I'm trying to find the potential of conducting grounded sphere with radius Rs which located in the center of charged ring with Rr (>Rs) with charge density λ, h meters up to the z axis (see the attached images)


Rs=4.3[cm]
Rr=6.6[cm]
h=13.1[cm]
λ=1.0[esu/cm]

The answer should be 0.81023024

2. The attempt at a solution

The sphere potential is easy one -
\Phi ring=\frac{2\pi Rr\lambda}{\sqrt{z^2+Rr^2}}
But how do I get the potential of the sphere?
I've tried to use the image charged method, but I can't get to the right answer.
Can somebody help me?

Thanks,
Adam

 

[haruspex]

I'm trying to find the potential of conducting grounded sphere

Doesn't sound too hard . Am I missing something?

 

[adamp121]

Can you give me some clue about the calculation of the sphere's potential?

 

[Saitama]

Can you give me some clue about the calculation of the sphere's potential?
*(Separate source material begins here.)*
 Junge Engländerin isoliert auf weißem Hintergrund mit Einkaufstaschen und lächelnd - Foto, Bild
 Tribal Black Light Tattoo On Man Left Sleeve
I don't know how to calculate the sphere's potential but the problem can be easily done by method of image charges. Did you try that?

 

[adamp121]

Yes.

I know how to replace a grounded sphere near to a single particle, but don't know how to replace a grounded sphere with surrounded ring.
I have only the ring’s potential on the Z axis, and it makes it harder.

 

[Saitama]

I know how to replace a grounded sphere near to a single particle, but don't know how to replace a grounded sphere with surrounded ring.

Like a point charge, you can replace the grounded sphere with a ring here in this case.

 

[adamp121]

I've tried it also, where I set the image ring with charge -
q'=-2/pi\frac{Rs}{Rr}
and
R'=\frac{Rs^2}{Rr}

as described here -
http://en.wikipedia.org/wiki/Method_of_image_charges#Method_of_images_for_spheres

 

[Saitama]

I've tried it also, where I set the image ring with charge -
q'=-2/pi\frac{Rs}{Rr}

Do you mean $\displaystyle q'=-\frac{R_s}{R_r}Q$ where $Q=\lambda \cdot 2\pi R_r$?

R'=\frac{Rs^2}{Rr}

Correct!